La narrazione della teofania su un alto monte, tradizionalmente il Tabor, è presente in tutti e tre i sinottici e costituisce una sorta di snodo. Matteo, che ha proposto l'episodio della confessione di Pietro, seguita dal primo annuncio della passione e risurrezione del Signore, ha chiuso il capitolo 16 con le parole relative alla sequela e al ritorno imminente del Figlio dell'uomo. Ora, al capitolo 17, Gesù prende con sé e conduce in disparte tre discepoli particolarmente amati: Pietro, Giacomo e Giovanni, e si trasfigura dinanzi a loro. I testi tutti insistono sulla luminosità del suo volto e sulla bianchezza acquisita dalle sue vesti. In un tripudio di candore e di luce gli si affiancano, conversando con lui, Mosè ed Elia. Il primo rappresenta la Legge il secondo la tradizione profetica d'Israele. Per Matteo le Scritture convergono nell'additare tutte !'identità messianica di Gesù. C'è in questo conversare un riconoscere Gesù come il compimento della Legge e dei Profeti. E se da una parte la nostra attenzione è calamitata dall'evento e dai testimoni singolari che lo accompagnano, non meno intensa nella tradizione cristiana è la lettura mistica, suggerita dall'atteggiarsi dei discepoli testimoni, corifeo ancora una volta Pietro.
L'esperienza è gradevole, esaltante, bella in senso forte e totale. Pietro vorrebbe restare lì per sempre e propone di erigere capanne per i tre in dialogo. Ma, ecco, una nube luminosa adombra i discepoli. La "nube" evoca la presenza, il manifestarsi di Dio il cui volto non può essere mirato direttamente, ma appunto velato dalla nube, che lo manifesta e lo nasconde a un tempo. Si pensi alla presenza divina nella tenda, santuario dell'Israele nomade, o alla presenza della gloria di Dio nel tempio a lui innalzato da Salomone.
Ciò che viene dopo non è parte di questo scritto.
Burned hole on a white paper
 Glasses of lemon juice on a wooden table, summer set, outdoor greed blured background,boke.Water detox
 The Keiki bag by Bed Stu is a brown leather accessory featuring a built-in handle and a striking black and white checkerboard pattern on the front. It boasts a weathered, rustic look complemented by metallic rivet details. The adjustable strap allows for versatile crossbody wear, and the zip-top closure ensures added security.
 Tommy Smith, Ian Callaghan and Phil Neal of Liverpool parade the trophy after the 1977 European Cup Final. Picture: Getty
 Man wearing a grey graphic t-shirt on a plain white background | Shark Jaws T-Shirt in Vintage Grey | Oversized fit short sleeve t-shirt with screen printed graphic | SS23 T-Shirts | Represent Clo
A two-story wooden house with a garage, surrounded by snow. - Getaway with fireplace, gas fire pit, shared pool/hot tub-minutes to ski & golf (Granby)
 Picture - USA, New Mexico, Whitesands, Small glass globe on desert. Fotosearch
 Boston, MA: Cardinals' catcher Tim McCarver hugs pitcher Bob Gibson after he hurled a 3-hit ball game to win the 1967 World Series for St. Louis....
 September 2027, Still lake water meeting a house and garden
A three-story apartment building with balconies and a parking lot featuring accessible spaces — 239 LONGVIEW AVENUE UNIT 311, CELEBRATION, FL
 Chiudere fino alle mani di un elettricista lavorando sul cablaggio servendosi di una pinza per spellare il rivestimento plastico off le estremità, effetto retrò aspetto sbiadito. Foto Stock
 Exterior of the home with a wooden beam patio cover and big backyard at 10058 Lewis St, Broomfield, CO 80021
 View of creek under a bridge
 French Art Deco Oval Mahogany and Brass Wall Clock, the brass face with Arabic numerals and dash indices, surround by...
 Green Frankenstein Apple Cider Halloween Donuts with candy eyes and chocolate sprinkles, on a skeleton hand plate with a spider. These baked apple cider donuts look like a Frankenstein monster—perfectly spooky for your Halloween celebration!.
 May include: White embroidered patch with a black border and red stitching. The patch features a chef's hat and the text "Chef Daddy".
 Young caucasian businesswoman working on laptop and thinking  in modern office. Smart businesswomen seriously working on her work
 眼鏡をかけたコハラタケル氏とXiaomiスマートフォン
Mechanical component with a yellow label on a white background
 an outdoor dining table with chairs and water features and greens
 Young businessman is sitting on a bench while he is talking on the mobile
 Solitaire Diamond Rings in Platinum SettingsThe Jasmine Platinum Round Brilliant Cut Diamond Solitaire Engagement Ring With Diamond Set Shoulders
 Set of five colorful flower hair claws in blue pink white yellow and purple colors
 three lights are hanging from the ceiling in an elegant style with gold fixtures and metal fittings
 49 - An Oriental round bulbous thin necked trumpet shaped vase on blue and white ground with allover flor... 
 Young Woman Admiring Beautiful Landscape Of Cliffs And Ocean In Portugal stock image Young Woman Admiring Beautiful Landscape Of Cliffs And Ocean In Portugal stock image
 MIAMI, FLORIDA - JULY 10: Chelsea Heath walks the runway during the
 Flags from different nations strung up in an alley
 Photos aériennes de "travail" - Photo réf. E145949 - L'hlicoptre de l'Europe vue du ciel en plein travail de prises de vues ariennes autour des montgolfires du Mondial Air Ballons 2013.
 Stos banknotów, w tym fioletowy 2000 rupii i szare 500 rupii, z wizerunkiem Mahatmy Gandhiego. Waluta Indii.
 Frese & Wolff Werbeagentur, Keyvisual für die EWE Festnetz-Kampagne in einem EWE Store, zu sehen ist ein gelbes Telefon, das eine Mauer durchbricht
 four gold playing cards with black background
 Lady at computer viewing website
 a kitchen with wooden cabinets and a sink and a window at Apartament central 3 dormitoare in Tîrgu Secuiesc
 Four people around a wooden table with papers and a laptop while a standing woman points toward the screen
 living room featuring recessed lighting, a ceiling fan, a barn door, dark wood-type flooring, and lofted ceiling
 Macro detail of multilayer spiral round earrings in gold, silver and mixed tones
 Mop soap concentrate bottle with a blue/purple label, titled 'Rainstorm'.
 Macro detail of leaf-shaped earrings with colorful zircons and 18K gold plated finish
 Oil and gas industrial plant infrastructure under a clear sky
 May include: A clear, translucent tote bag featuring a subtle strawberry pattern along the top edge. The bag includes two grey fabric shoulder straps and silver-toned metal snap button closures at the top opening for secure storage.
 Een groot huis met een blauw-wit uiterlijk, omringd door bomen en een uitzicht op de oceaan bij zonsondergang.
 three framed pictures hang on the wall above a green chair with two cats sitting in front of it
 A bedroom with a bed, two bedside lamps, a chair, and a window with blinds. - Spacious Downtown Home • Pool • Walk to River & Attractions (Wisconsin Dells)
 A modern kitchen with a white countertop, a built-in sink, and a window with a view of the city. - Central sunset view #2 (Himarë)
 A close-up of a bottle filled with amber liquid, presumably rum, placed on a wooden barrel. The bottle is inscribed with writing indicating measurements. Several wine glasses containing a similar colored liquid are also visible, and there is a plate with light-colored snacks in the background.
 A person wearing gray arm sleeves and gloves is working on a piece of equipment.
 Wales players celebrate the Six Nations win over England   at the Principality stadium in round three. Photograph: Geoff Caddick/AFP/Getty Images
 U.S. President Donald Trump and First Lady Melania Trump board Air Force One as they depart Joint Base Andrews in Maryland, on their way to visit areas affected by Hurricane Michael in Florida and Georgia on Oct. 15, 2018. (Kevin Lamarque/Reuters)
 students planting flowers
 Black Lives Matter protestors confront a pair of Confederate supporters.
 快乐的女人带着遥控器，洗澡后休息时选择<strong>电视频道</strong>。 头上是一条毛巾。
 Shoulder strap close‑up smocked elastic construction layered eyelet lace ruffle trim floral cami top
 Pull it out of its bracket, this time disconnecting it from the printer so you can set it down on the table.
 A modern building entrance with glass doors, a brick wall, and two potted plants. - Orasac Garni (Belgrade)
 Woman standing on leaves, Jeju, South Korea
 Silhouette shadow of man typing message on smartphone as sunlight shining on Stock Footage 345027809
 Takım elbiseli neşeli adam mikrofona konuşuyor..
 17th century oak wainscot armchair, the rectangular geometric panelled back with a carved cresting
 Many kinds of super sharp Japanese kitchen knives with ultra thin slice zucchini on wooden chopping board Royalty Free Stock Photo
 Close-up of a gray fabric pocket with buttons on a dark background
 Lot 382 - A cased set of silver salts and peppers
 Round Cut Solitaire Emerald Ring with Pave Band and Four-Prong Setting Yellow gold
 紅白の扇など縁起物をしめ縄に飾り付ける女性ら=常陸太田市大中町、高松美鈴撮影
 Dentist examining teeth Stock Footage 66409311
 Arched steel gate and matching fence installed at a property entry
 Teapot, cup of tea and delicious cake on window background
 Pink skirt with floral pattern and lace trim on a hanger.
La "nube" nell'iconografia cristiana è emblema dello Spirito. È lui che agisce, attivando nel credente la capacità d'accoglie,re e contemplare il mistero di Dio. È lui che vela e disvela con saggezza infinita e paziente. Dalla nube fuoriesce la "voce", altro emblema di Dio.
Di nuovo, come al Giordano, il Padre rende testimonianza a Gesù e lo addita come «il Figlio mio, l'amato» in cui ha posto il suo compiacimento e chiede perentoriamente: «ascoltatelo!». La luce trasfigurata e trasfigurante del Tabor, espressione materica del mistero di Dio che ci si mostra divinizzatore dell'uomo, ci è, nel percorso quaresimale, anticipazione e viatico. Ci orienta, prima del dramma, verso la sua conclusione esaltante. Nel chiederci d'accompagnare Gesù verso la croce, ci rassicura già sulla manifestazione gloriosa di lui Signore della vita e vincitore della morte, pegno e sigillo della nostra divinizzazione.